Secondly, a moment's reflection will show us how useful this new individual right and human freedom will be.  Consider our prisons.  Hitherto, prisoners attempting to take their own lives was frowned upon.  Currently, prison guards who fail to prevent prisoners from "suiciding" are investigated and often disciplined.  Now all that can be done away with.  The fact is, not to allow, or failure to facilitate, a prisoner taking his own life will be a gross violation of his human rights. Every night a "don't wake up" pill should be made available to all prisoners to enable them to exercise their human rights, should they so choose.  It would be cruel and unusual punishment not to provide such care and service.

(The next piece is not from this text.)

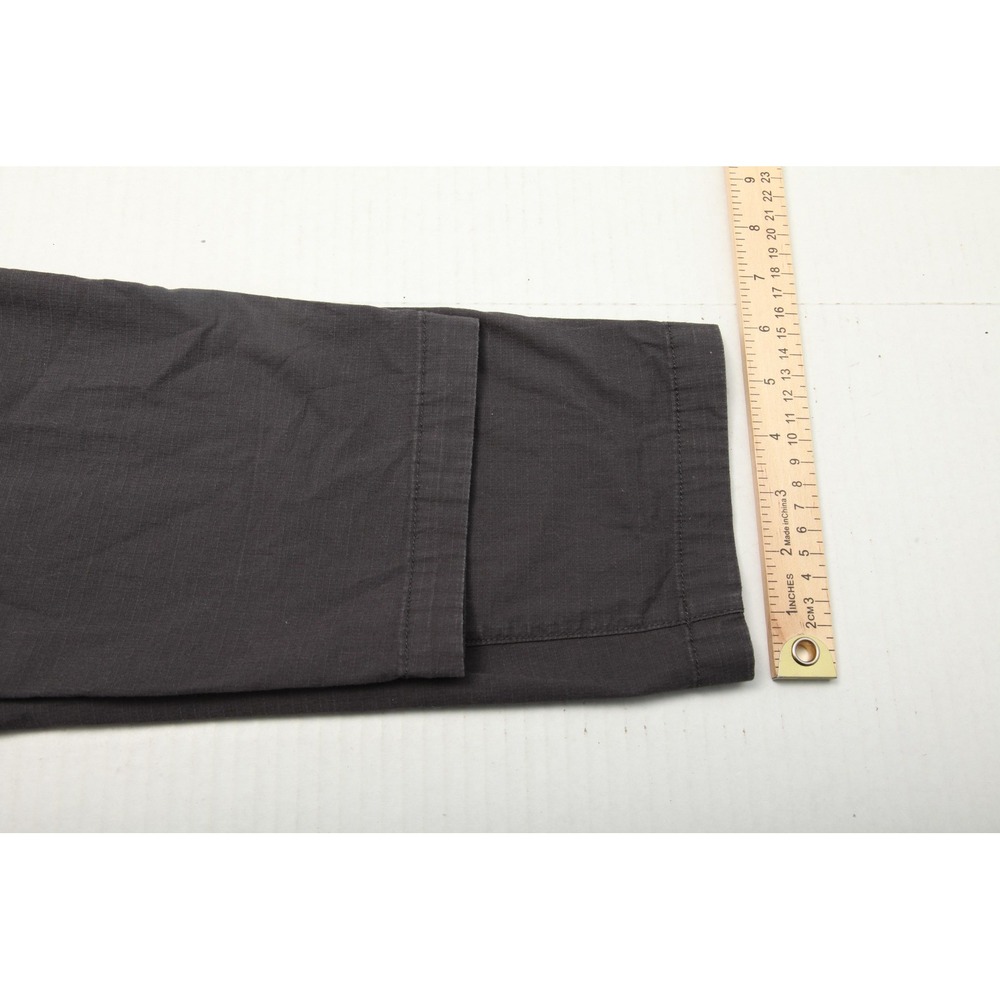 Vuori Pants Womens Medium Gray Ripstop Climber Drawstring Zip Pocket Joggers - Picture 12 of 14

Then think about how few like to die alone.  Suicide clubs--to be known as Socratic Societies--will doubtless develop.  These are to be greatly encouraged.  Jonestown Kool Aid will be freely available.  The more the merrier. 

Those who believe the world is overpopulated--that is, Greenists and their travelling compaions--will likely applaud this development.  They will push for the suicide pill to be freely available at public expense.  It will be called the "Do Us All a Favour Pill".  It will be particularly focused upon the young, since they are going to do so much more environmental damage than the aged, moving forward. 

Just as the contraception pill has been aggressively promoted to the young as part of sex education, the "Do Us All a Favour Pill" will become part of a concerted government education programme in schools.  It will be presented as a fundamental human right, the highest ethical contribution one can make, a noble act, a sacrifice for others.  The climax of the course will be a call to the altar of human rights, dignity, and freedom.  Pupils will be invited to come up to the front of the class and consume the pill on mass, accompanied by soporific music, followed by a triumphant rendering of the Ode to Joy. The dead will be publicly acknowledged in the next Queen's Birthday honours list.

Oh, what a lovely world.  Behold the glory of secular humanism.